Back to our "Jive Software" example. So, I want to setup a "pipe" to
monitor this term (a free-standing tool that sucks in data, processes
it, and spits it back out):
- Log-in to your Yahoo account
- Go to http://pipes.yahoo.com/pipes
- Go to my profile http://pipes.yahoo.com/techpaulogy
- Hover over my pipe that says "Persistent Search – Jive"
- Click on the "Clone" link in the upper-right of the gray highlighted area that pops up
- Click on the "My Pipes" link in the top navbar
- You should see a new pipe in your list of Pipes that is a copy of mine.
- Click on the title of the copied pipe to go to it's management
page. You'll see the current live results for "Jive Software" searches
on Google, Yahoo, Ask, and Technorati , etc.

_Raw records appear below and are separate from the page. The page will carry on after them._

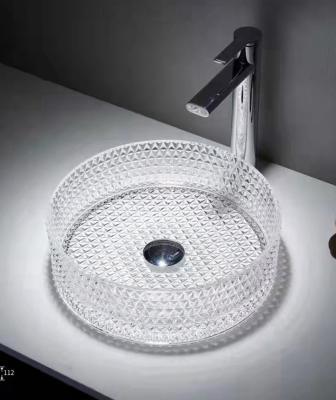 Cina ciotola trasparente a 15,5 pollici di Crystal Round Bathroom Sink Basin del lavabo della mano del piano d'appoggio di 12mm in vendita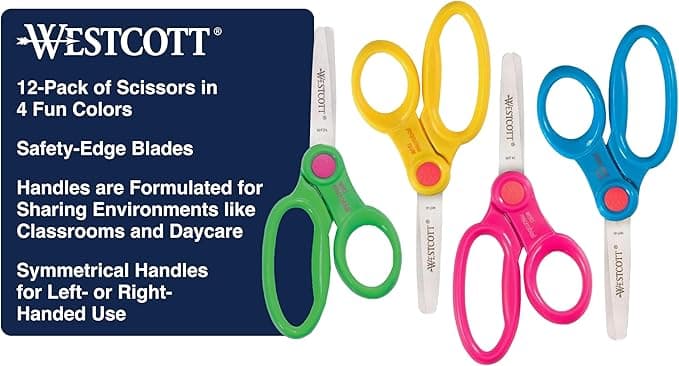 Westcott 14871 Right- and Left-Handed Scissors, Kids' Scissors, Back to School, Classroom Supplies, Ages 4-8, 5-Inch Blunt Tip, Assorted, 12 Pack
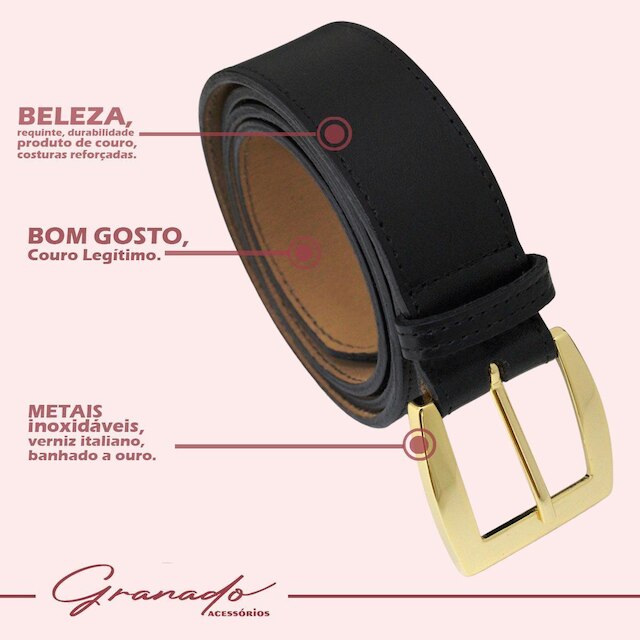 Cinto Feminino de Couro Sofisticado Fivela Banhada a Ouro NE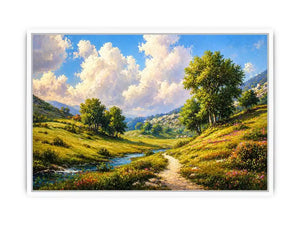 Impressionist sunflower field with rustic villa golden canvas wall art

- Click on the "Edit Source" link. Now for the magic (click the image -- it's 1600 px wide, might need to resize or download to see it best):
Here, you can see the guts of the pipe. It uses modules to fetch the
source feeds, in one case re-maps some data fields to sync up with each
other, combines all the sources, sorts them by date, filters out
duplicates, and outputs the new feed. Voila! Play around. Now that it's
been copied to your account, you can break it to your heart's content.
Envision expanding this to also track searches for competitors, Jive
product names, industry analysts, etc. (you'll see another pipe in my account
called "Splice - Jive Feed" that combines this persistent search pipe
with a shared OPML file of enterprise software blogs -- it's a work in
progress).
Who else has played with this? Any Perl ninjas out there want to help
me write logic (based on Regular Expressions) that can help standardize
dates in all the various feeds to enable better sorting? Right now it's
pretty hit or miss. Also, I'd love to explore publishing some shared
"best-practice" OPML files (one for Competitor's blogs, one for
Enterprise Software blogs, etc) that can be plugged in -- I was having
trouble parsing the OPML file in the example "Splice" pipe.